» Material provided:
• • • • •
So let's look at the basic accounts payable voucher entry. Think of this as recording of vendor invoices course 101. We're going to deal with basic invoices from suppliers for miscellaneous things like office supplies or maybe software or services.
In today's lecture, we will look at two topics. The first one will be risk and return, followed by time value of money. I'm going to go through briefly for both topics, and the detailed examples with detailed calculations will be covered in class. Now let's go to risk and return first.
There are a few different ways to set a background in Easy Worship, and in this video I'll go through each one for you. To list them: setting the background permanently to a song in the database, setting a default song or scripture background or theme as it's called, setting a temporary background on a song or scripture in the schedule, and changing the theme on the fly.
• • • • •
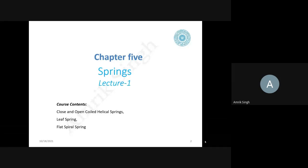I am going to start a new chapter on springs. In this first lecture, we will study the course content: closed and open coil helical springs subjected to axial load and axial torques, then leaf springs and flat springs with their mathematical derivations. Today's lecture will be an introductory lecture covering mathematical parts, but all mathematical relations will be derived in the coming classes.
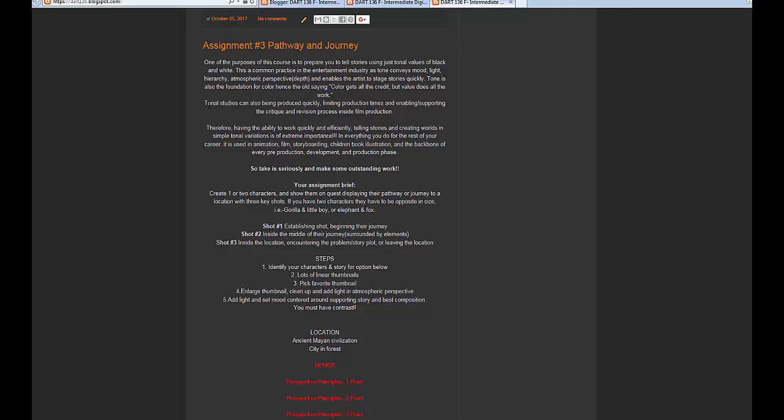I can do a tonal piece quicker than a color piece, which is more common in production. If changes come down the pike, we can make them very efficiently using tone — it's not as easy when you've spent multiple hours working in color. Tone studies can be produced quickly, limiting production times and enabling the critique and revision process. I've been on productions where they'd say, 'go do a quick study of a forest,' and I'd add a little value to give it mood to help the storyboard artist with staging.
• • • • •
» Problem to work on:
Keeping every character as it is, restate the lines above that run from the line with "In today's lecture, we" through the line with "There are a", both included, and nothing else.

» Exercise answer:
In today's lecture, we will look at two topics. The first one will be risk and return, followed by time value of money. I'm going to go through briefly for both topics, and the detailed examples with detailed calculations will be covered in class. Now let's go to risk and return first.
There are a few different ways to set a background in Easy Worship, and in this video I'll go through each one for you. To list them: setting the background permanently to a song in the database, setting a default song or scripture background or theme as it's called, setting a temporary background on a song or scripture in the schedule, and changing the theme on the fly.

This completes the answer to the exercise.